Kākāpō parrot (also known as “owl parrot” because of its owl-like facial features) is a critically endangered parrot species native to New Zealand. It is an unusual animal for it is the longest living birds in the world (may live up to 90 years of age). Weighing about 3-4 Kg, it is also the heaviest, only flightless and nocturnal parrot in the world.  

Kākāpō inhabited New Zealand since their evolution in isolation but their population declined rapidly. In 1970s, only 18 male kākāpō were known to exist. Existence of female Kākāpō were confirmed in 1980. Thanks to Intensive conservation management, Kākāpō parrots have been brought from the brink of extinction. Their number was 51 in 1995. Today, 247 kākāpō are alive1,2.  

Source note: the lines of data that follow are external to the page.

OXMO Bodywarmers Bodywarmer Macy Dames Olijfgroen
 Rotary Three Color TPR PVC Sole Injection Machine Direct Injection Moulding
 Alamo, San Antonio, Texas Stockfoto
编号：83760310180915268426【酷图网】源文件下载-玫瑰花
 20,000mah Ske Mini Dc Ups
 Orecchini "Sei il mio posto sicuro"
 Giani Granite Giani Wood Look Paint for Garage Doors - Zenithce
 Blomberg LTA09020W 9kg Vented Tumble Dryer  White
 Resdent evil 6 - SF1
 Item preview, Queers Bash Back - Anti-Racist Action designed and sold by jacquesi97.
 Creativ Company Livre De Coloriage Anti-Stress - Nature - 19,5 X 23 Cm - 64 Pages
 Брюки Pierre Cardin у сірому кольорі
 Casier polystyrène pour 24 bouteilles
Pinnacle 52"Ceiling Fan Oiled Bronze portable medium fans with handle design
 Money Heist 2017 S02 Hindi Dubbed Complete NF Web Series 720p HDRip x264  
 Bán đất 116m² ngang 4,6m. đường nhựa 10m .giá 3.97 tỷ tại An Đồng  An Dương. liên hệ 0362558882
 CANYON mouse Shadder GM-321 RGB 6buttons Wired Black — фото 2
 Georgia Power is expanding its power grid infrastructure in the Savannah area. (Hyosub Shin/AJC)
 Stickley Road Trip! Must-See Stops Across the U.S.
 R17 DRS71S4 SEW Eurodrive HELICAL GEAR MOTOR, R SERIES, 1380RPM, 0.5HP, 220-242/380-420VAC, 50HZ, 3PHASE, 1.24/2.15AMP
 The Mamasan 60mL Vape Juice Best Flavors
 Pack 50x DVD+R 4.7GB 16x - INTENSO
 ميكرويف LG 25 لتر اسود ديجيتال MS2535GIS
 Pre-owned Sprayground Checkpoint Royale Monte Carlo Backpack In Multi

To assist conservation, Kākāpō125+ project came into being in 2015 to sequence the genomes of 125 living kākāpō plus some important recently deceased individuals. The idea was to improve genetic management of kākāpō, particularly to address low reproductive output (infertility) and disease that was hindering recovery. The full chromosome-level assembly of the reference genome of an individual kākāpō was completed in 20183.  

In a study published on 29th August 2023, the research team has reported sequencing the genomes of nearly the entire kākāpō population (as of 2018) of 169 kākāpō, from 125 living individuals and 44 stored samples. The population level data associate genetic diversity across the species to specific DNA sequences linked to traits such as disease susceptibility, chick growth etc. This could help identify health risks earlier to plan treatment customised to individual kākāpō bird. This approach to identify specific genetic features crucial to survival could be repurposed to manage conservation of other endangered species4,5.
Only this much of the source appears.